フィリップ・ペラキスはすぐに有名になり、その派手なルックスと着こなしが彼の特徴の一つとなりました。
彼は"宇宙からマウンテンバイクの世界に連れて来られた人"のように見え、「宇宙飛行士」と呼ぶ人さえいたほどです。

フィリップ・ペラキスは、マウンテンバイクで時速100kmを超えた最初の人物です。
彼は、カリフォルニアのマンモスマウンテンで行われた伝説のレース、マンモスカミカゼでそれを達成しました。

カミカゼは80年代末に開催されたレースで、最もクレイジーなダウンヒルレースのひとつとして誰もが覚えています。
ライダーたちは、最低限のサスペンションのみを備えたバイクに乗って、3000メートルの高さにある山の頂上から、火の海に身を投じて降りていきました。

他にも、フィリップ・ペラキスはフランスのヴァールで時速200km/hを記録し、常にダイネーゼのプロテクターに守られていました。

プロテクターは絶対に必要なものであり、かつパフォーマンスに影響を与えないことが証明され、多くの人がダイネーゼのブランドを身につけるようになりました。

そして続く1995年、9月19日にドイツのキルヒサルテンで開催されたマウンテンバイク世界選手権。
当時19歳だったニコラ・ブイヨズがレースに勝ち、ダウンヒルエリート世界選手権で7つのタイトルを獲得しました。

ニコラ・ブイヨズは、ダイネーゼを着用した初のチャンピオンであり、ダウンヒルの世界的なシーンでブランドを前面に押し出した人物でもあります。

90年代末から2000年代初頭にかけては、すべてのトップライダーが、ダイネーゼのロゴである"スピードデーモン"を着用していました。

ファビアン・バレルからセドリック・グラシア、ショーン・パーマーからアンヌ=カロリーヌ・ショソンまで。

この勢いに乗って、プロテクターの全シリーズが開発されました。

マウンテンバイクは重要なアクションスポーツの一つになりつつあり、わずか数年前のモデルが時代遅れになってしまうほど、急速で容赦ない進化に直面していました。

アパレル、特にプロテクターは、それに追いついていかなければなりませんでした。
このような理由から、初期に使用されていたシンプルなプロテクターから、より高度な技術へと移行することになりました。

ジョイント式のニーガード、これまで以上に快適で、軽くて効果的なセーフティジャケット、科学研究から生まれた新しいソリューションや最先端の素材など。

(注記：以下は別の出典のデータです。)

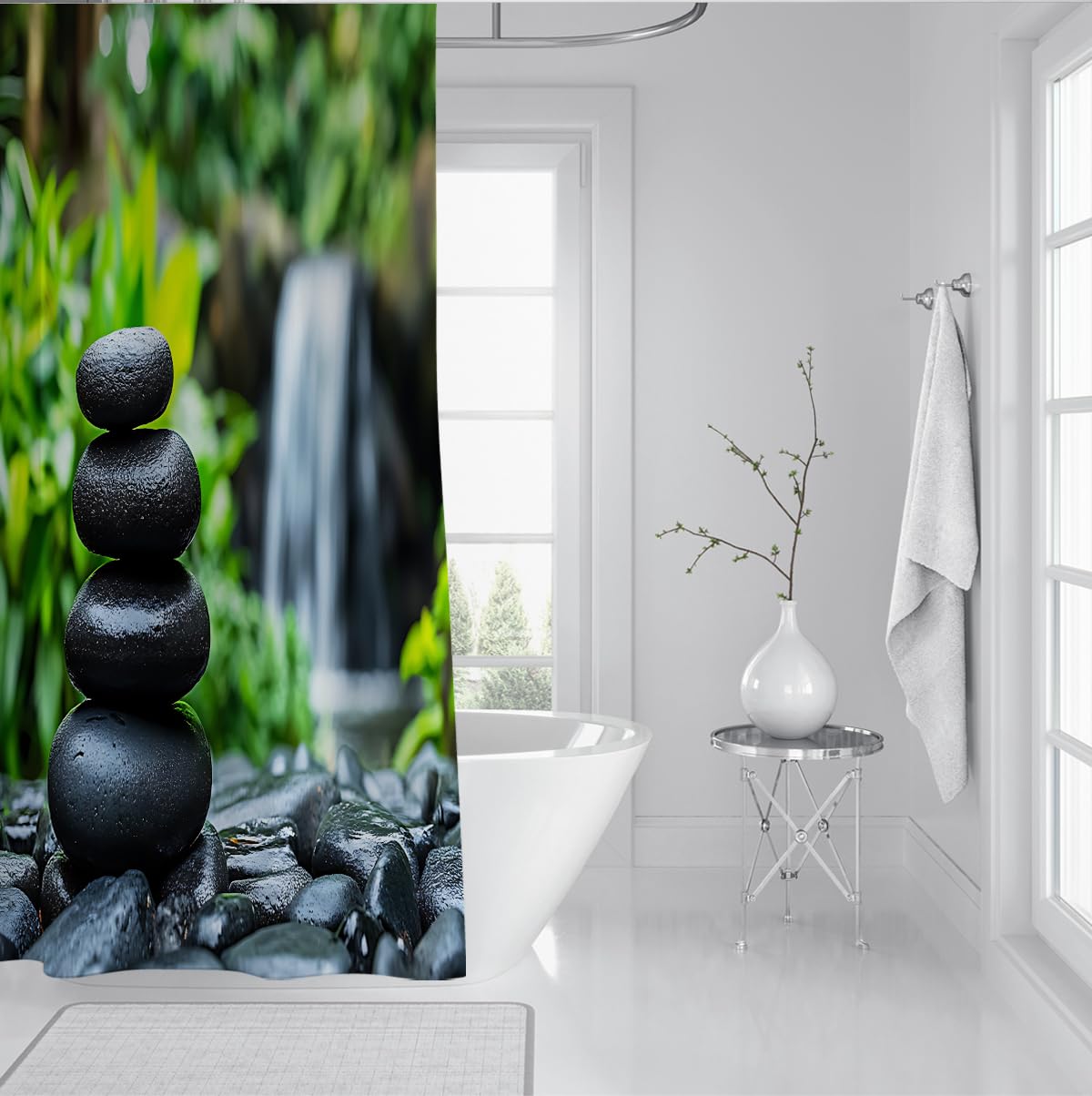 Serene Forest Garden Badevorhang Balanced Stones and Cascading Stream Duschvorhang Moderner minimalistischer Badezimmer-Easy Care Stoff 180 x 180 cm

このプロセスが、ハードプロテクターの代わりにソフトプロテクターを導入することにつながり、アスリートが最高のパフォーマンスを発揮できる状態になり、トップライダーのあらゆる要望に応えることを可能としました。

チャンピオンたちの言葉は、ダイネーゼコレクションの基本的な指標でもあります。そしてチャンピオンたちの直感が、全てのライダーにベネフィットを与えるのです。

多くの場合、プロトタイプから素晴らしいアイデアが生まれます。

フィリップ・ペラキスが、母親の助けを借りて自宅でモーターサイクル用プロテクターを調整していったように、スポーツの進化と、ファンの心を永遠に変えてしまうようなインスピレーションは、ほとんどが最も過酷なテスト場や、最高レベルの競技から生まれるのです。